James McMenemy is also said to have hurled rocks at pupils and thrown them into rivers and streams at troubled Kerelaw residential school in Ayrshire, which was closed amid a police probe into abuse.
According to a list of 15 charges brought by the General Teaching Council for Scotland (GTCS) McMenemy also threatened to make false allegations of criminality against his pupils.
At a competency hearing this week one former pupil, now a prisoner at Barlinnie, told how he was attacked by the 48-year-old teacher.
And a senior manager at Glasgow City Council said there was a culture among teachers at the school of covering up violence.
Daniel Higgins, who the GTCS heard was in custody for a driving offence, arrived in handcuffs to give evidence against McMenemy this week.
He admitted during his testimony that squads of riot police attended after he brought a Ghurka knife with him to school with the intention of attacking McMenemy.
But Mr Higgins, 26, said he had been attacked by the teacher in a quiet room in the school.
He was taken out of class and ended up ‘rolling on the floor’ with the teacher when he was 14 or 15 years old, he said.
“I can’t remember how it started but I remember how it finished,” he added.
“I had cuts and burns from where I was dragged to the floor. At the time I thought this was just normal, this is what happens.

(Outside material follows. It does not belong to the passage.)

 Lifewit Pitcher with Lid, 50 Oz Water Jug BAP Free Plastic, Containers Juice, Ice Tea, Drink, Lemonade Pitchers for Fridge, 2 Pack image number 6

“There was no point complaining because this happened all the time. It wasn’t just McMenemy, but a lot of them.
“They were just terrorising youngsters. I didn’t think it was right but I was only a wee guy.”
When asked by case presenter Robert Burnett why he did not report the matter to the police later, he said: “I didn’t want to stick anybody in jail. I’ve been to jail and I wouldn’t want it for anybody.”
Efforts to discredit Mr Higgins were made by McMenemy’s lawyer Andrew Gibb, who suggested he was a violent pupil.
Mr Higgins admitted he had been expelled after he turned up at the school with the knife.
But a senior manager at Glasgow City Council, Mary Moran, said staff at Kerelaw used inappropriate force to restrain pupils, and acted together to prevent information getting out.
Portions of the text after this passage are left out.